Saved data entries
⟨
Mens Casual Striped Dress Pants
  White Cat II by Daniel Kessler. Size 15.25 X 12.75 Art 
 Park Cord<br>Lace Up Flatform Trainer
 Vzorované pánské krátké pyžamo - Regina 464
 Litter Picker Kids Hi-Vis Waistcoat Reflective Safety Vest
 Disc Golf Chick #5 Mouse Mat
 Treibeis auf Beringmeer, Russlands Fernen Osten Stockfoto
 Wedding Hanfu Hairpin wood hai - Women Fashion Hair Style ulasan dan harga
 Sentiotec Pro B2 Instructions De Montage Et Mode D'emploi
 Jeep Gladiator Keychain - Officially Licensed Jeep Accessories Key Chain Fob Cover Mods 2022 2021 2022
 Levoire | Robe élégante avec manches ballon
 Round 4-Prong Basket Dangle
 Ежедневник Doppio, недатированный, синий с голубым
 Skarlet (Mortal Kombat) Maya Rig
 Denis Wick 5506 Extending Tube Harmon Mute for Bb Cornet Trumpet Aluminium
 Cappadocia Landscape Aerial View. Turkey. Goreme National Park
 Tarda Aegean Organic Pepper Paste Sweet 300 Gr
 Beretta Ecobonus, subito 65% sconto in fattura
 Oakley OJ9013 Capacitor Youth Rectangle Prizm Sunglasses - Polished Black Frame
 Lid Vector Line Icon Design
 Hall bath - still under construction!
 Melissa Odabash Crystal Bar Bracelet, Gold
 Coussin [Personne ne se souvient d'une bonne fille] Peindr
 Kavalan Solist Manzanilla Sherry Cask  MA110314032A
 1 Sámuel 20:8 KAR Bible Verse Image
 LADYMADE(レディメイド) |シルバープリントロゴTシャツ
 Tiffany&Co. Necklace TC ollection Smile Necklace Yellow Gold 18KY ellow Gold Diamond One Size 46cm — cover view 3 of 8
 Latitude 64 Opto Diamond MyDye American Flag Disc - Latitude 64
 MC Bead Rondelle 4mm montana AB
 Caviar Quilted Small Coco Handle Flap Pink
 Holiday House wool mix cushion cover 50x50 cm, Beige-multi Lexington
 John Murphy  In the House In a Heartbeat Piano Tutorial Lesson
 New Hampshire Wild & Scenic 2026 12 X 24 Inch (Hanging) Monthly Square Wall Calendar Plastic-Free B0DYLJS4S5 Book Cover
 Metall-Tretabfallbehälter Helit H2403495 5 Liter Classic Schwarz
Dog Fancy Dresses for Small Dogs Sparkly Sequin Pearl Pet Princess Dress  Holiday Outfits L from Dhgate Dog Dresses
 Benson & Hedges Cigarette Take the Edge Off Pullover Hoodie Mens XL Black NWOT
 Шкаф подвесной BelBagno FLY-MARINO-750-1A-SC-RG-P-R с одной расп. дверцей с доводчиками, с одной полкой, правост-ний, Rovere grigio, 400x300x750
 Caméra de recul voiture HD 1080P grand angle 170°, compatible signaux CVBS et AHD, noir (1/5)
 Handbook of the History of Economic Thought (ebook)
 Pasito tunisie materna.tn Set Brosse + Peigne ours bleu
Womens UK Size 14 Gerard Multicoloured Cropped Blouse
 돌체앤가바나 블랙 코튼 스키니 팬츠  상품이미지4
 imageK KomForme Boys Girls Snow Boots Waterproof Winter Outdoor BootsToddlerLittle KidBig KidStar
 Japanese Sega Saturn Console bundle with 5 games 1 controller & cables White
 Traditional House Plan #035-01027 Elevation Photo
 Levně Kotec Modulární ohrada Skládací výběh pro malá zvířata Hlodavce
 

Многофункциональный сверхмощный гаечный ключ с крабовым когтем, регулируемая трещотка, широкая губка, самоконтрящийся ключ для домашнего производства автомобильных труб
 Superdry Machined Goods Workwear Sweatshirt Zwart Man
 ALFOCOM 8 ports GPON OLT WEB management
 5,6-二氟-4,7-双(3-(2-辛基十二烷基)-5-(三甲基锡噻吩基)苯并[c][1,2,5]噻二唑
⟩
● **What you have to do**
Starting at the line above that contains "LADYMADE(レディメイド) |シルバープリントロゴTシャツ", repeat each line exactly up to and including the line that contains "MC Bead Rondelle 4mm montana AB", and stop there.

● **Solution for this exercise**
 LADYMADE(レディメイド) |シルバープリントロゴTシャツ
 Tiffany&Co. Necklace TC ollection Smile Necklace Yellow Gold 18KY ellow Gold Diamond One Size 46cm — cover view 3 of 8
 Latitude 64 Opto Diamond MyDye American Flag Disc - Latitude 64
 MC Bead Rondelle 4mm montana AB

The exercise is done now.